[Data listing Boundary: Start]

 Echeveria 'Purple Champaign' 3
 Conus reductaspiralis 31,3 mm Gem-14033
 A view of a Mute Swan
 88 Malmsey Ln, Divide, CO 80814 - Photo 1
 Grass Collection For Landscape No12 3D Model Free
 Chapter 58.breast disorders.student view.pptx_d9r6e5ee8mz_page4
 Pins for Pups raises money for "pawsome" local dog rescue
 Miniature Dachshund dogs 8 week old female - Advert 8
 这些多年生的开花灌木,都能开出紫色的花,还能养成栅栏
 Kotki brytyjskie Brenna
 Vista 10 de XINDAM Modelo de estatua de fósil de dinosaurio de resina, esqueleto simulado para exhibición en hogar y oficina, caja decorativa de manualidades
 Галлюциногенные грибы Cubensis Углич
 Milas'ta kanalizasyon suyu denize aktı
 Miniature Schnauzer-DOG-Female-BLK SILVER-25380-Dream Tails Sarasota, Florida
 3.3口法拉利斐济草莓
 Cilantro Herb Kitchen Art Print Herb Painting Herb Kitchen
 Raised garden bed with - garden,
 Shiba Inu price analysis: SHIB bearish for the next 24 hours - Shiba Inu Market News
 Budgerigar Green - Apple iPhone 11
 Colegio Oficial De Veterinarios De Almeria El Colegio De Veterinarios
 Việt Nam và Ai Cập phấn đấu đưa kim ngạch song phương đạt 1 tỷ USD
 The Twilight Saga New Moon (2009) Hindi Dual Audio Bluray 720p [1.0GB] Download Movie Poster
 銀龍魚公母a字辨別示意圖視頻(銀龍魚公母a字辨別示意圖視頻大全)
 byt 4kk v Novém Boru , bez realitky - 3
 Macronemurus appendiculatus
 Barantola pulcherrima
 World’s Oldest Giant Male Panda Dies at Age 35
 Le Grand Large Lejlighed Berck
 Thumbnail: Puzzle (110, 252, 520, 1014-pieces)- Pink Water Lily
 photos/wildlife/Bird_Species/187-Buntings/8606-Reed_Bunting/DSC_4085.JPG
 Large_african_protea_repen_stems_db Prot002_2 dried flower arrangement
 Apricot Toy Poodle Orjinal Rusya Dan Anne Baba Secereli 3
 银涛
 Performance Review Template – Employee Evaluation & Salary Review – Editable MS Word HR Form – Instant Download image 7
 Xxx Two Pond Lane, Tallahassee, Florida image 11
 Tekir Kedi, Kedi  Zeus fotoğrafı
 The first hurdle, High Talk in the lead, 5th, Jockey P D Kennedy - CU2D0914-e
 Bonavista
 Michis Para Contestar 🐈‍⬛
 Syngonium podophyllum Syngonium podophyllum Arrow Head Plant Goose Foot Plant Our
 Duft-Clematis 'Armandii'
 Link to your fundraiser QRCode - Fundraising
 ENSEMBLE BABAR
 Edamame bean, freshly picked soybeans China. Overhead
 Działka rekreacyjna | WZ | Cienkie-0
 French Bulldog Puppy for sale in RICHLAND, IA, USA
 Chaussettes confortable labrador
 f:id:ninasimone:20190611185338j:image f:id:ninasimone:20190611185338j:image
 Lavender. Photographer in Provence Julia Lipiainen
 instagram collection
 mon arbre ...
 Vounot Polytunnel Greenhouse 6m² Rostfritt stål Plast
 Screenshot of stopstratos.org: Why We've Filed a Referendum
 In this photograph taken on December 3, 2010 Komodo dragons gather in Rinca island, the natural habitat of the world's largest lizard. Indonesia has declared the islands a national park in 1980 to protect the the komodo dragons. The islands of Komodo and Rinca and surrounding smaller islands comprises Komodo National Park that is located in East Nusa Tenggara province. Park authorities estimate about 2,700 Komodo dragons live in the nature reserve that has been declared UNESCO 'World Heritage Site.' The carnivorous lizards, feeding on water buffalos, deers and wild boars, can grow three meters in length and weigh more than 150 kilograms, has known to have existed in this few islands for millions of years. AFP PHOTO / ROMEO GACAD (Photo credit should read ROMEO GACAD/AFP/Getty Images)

[Data listing Boundary: End]

=== Exercise ===
Please reproduce all of the entries exactly as they stand.

=== Task answer ===
 Echeveria 'Purple Champaign' 3
 Conus reductaspiralis 31,3 mm Gem-14033
 A view of a Mute Swan
 88 Malmsey Ln, Divide, CO 80814 - Photo 1
 Grass Collection For Landscape No12 3D Model Free
 Chapter 58.breast disorders.student view.pptx_d9r6e5ee8mz_page4
 Pins for Pups raises money for "pawsome" local dog rescue
 Miniature Dachshund dogs 8 week old female - Advert 8
 这些多年生的开花灌木,都能开出紫色的花,还能养成栅栏
 Kotki brytyjskie Brenna
 Vista 10 de XINDAM Modelo de estatua de fósil de dinosaurio de resina, esqueleto simulado para exhibición en hogar y oficina, caja decorativa de manualidades
 Галлюциногенные грибы Cubensis Углич
 Milas'ta kanalizasyon suyu denize aktı
 Miniature Schnauzer-DOG-Female-BLK SILVER-25380-Dream Tails Sarasota, Florida
 3.3口法拉利斐济草莓
 Cilantro Herb Kitchen Art Print Herb Painting Herb Kitchen
 Raised garden bed with - garden,
 Shiba Inu price analysis: SHIB bearish for the next 24 hours - Shiba Inu Market News
 Budgerigar Green - Apple iPhone 11
 Colegio Oficial De Veterinarios De Almeria El Colegio De Veterinarios
 Việt Nam và Ai Cập phấn đấu đưa kim ngạch song phương đạt 1 tỷ USD
 The Twilight Saga New Moon (2009) Hindi Dual Audio Bluray 720p [1.0GB] Download Movie Poster
 銀龍魚公母a字辨別示意圖視頻(銀龍魚公母a字辨別示意圖視頻大全)
 byt 4kk v Novém Boru , bez realitky - 3
 Macronemurus appendiculatus
 Barantola pulcherrima
 World’s Oldest Giant Male Panda Dies at Age 35
 Le Grand Large Lejlighed Berck
 Thumbnail: Puzzle (110, 252, 520, 1014-pieces)- Pink Water Lily
 photos/wildlife/Bird_Species/187-Buntings/8606-Reed_Bunting/DSC_4085.JPG
 Large_african_protea_repen_stems_db Prot002_2 dried flower arrangement
 Apricot Toy Poodle Orjinal Rusya Dan Anne Baba Secereli 3
 银涛
 Performance Review Template – Employee Evaluation & Salary Review – Editable MS Word HR Form – Instant Download image 7
 Xxx Two Pond Lane, Tallahassee, Florida image 11
 Tekir Kedi, Kedi  Zeus fotoğrafı
 The first hurdle, High Talk in the lead, 5th, Jockey P D Kennedy - CU2D0914-e
 Bonavista
 Michis Para Contestar 🐈‍⬛
 Syngonium podophyllum Syngonium podophyllum Arrow Head Plant Goose Foot Plant Our
 Duft-Clematis 'Armandii'
 Link to your fundraiser QRCode - Fundraising
 ENSEMBLE BABAR
 Edamame bean, freshly picked soybeans China. Overhead
 Działka rekreacyjna | WZ | Cienkie-0
 French Bulldog Puppy for sale in RICHLAND, IA, USA
 Chaussettes confortable labrador
 f:id:ninasimone:20190611185338j:image f:id:ninasimone:20190611185338j:image
 Lavender. Photographer in Provence Julia Lipiainen
 instagram collection
 mon arbre ...
 Vounot Polytunnel Greenhouse 6m² Rostfritt stål Plast
 Screenshot of stopstratos.org: Why We've Filed a Referendum
 In this photograph taken on December 3, 2010 Komodo dragons gather in Rinca island, the natural habitat of the world's largest lizard. Indonesia has declared the islands a national park in 1980 to protect the the komodo dragons. The islands of Komodo and Rinca and surrounding smaller islands comprises Komodo National Park that is located in East Nusa Tenggara province. Park authorities estimate about 2,700 Komodo dragons live in the nature reserve that has been declared UNESCO 'World Heritage Site.' The carnivorous lizards, feeding on water buffalos, deers and wild boars, can grow three meters in length and weigh more than 150 kilograms, has known to have existed in this few islands for millions of years. AFP PHOTO / ROMEO GACAD (Photo credit should read ROMEO GACAD/AFP/Getty Images)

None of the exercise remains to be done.